*** Opening of INPUT FOR THIS TASK ***

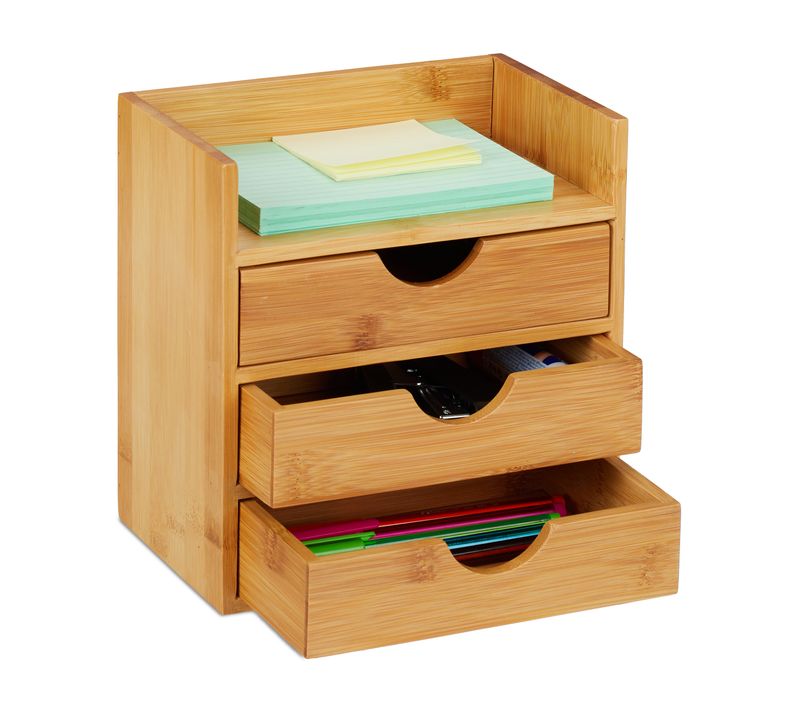 Organiseur De Bureau Avec 3 Tiroirs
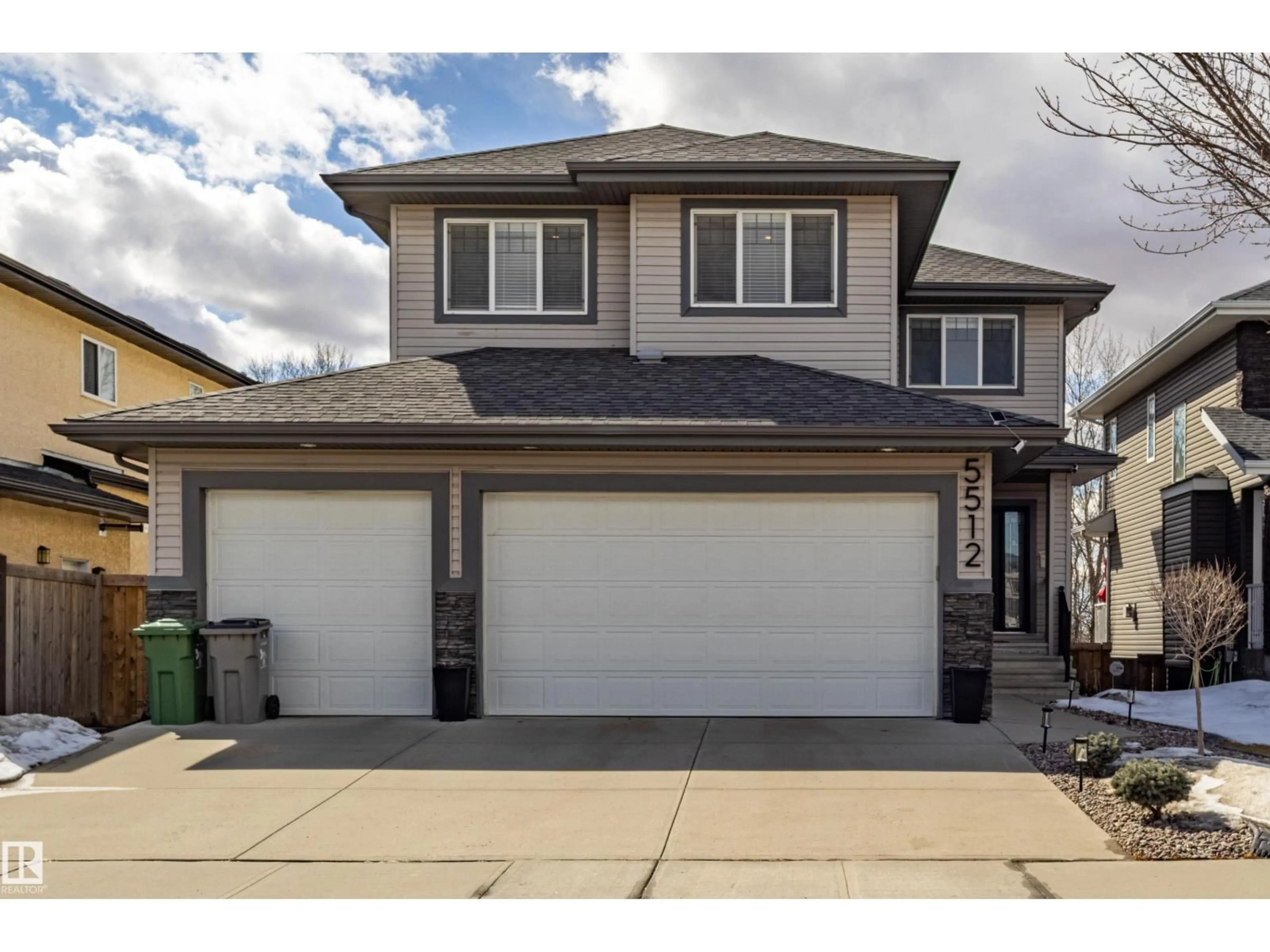 Home with vinyl exterior material, street for 5512 64 ST, Beaumont Alberta T4X0H1
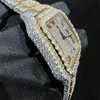 2023 Nova Versão Moissanite Cartis Pedras Relógios Ouro Prata Passar Teste Mens Diamantes Top Quality Mecânico Automático Eta Movimento Luxo Completo Iced Out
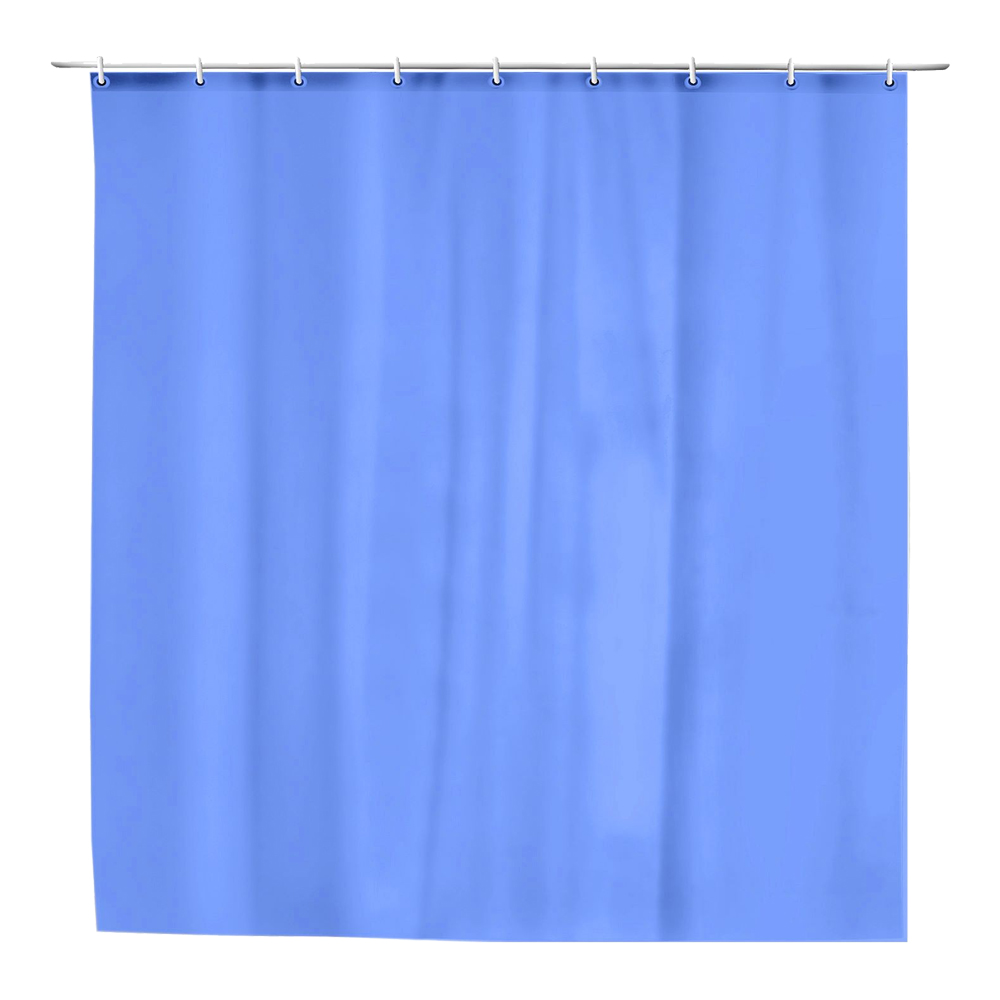 картинка Штора для ванной комнаты 005747 180*180 см, полиэтиленовая, голубой 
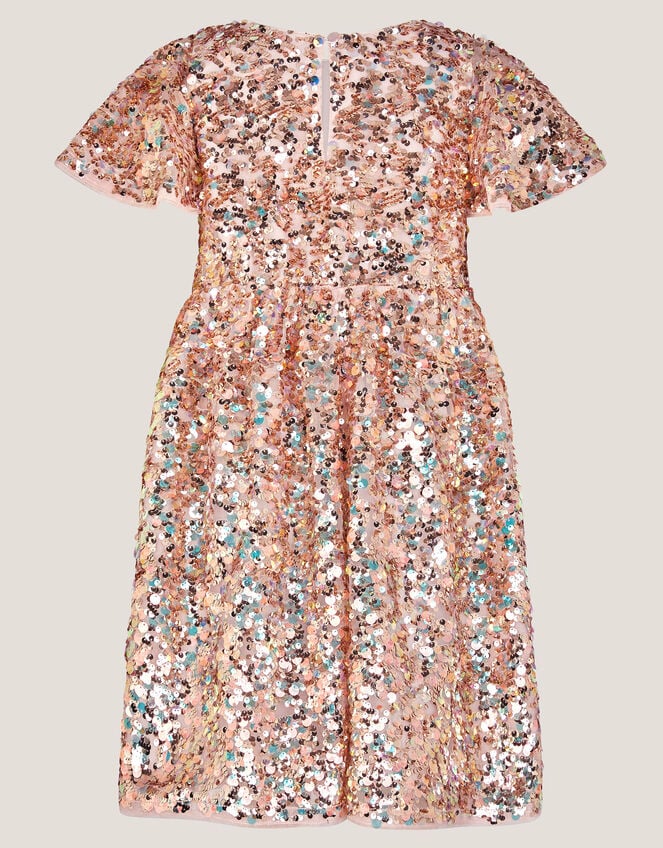 Sequin Party Dress, Gold (GOLD), large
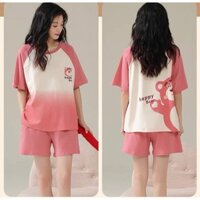 Bộ đồ thun cotton bé gái  phối tay ráp lân co giãn 4c mềm mịn, thoáng mát ( 8-25kg)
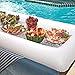 COLIBYOU Inflatable Buffet and Salad Bar - Portable Blow Up Food and Beverage Cooler and Server with Drain Plug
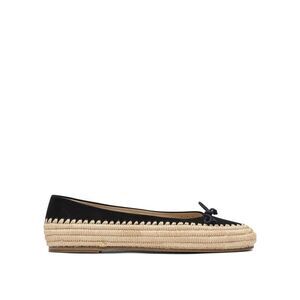 PALOMA BARCELO Suede Ballerina Espadrilles Women BLACK Ballerinas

*** Close of INPUT FOR THIS TASK ***

__ACTIVITY__. Find the line with "2023 Nova Versão" in the data above, and from there retype each line exactly through the line with "картинка Штора для", skipping the pictures along the way.

__ANSWER TO THE PROBLEM__.
 2023 Nova Versão Moissanite Cartis Pedras Relógios Ouro Prata Passar Teste Mens Diamantes Top Quality Mecânico Automático Eta Movimento Luxo Completo Iced Out
 картинка Штора для ванной комнаты 005747 180*180 см, полиэтиленовая, голубой 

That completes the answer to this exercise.